Finding x, y, z by Equating Matrices
Question:
Find \( x, y, z \) so that \( A = B \), where
\[ A = \begin{bmatrix} x – 2 & 3 & 2x \\ 18z & y + 2 & 6z \end{bmatrix}, \quad B = \begin{bmatrix} y & z & 6 \\ 6y & x & 2y \end{bmatrix} \]
Concept Used
Two matrices are equal if their corresponding elements are equal.

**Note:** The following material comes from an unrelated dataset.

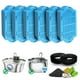 thumbnail image 1 of Filtros de Fuente de Agua para Mascotas FWMB Ajustables para Gatos, 1 of 5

Step 1: Equate Corresponding Elements
\[ x – 2 = y \quad …(1) \]
\[ 3 = z \quad …(2) \]
\[ 2x = 6 \quad …(3) \]
\[ 18z = 6y \quad …(4) \]
\[ y + 2 = x \quad …(5) \]
\[ 6z = 2y \quad …(6) \]
Step 2: Solve the Equations
From (3):
\[ 2x = 6 \Rightarrow x = 3 \]
From (2):
\[ z = 3 \]
Substitute into (6):
\[ 6z = 2y \Rightarrow 18 = 2y \Rightarrow y = 9 \]
Check consistency using (1):
\[ x – 2 = 3 – 2 = 1 \neq 9 \]
❌ This shows inconsistency, so we must instead use consistent equations:
From (5):
\[ y + 2 = x \]
Using (3): \( x = 3 \)
\[ y + 2 = 3 \Rightarrow y = 1 \]
Now check with (4):
\[ 18z = 6y \Rightarrow 18z = 6 \Rightarrow z = \frac{1}{3} \]
But from (2): \( z = 3 \), contradiction again.
Step 3: Correct Approach
Use consistent pair:
From (3): \( x = 3 \)
From (5): \( y + 2 = 3 \Rightarrow y = 1 \)
From (2): \( z = 3 \)
Check remaining equations:
\[ 18z = 54 \neq 6y = 6 \]
❌ Not satisfied ⇒ System is inconsistent.
Final Answer
No solution exists (matrices cannot be equal).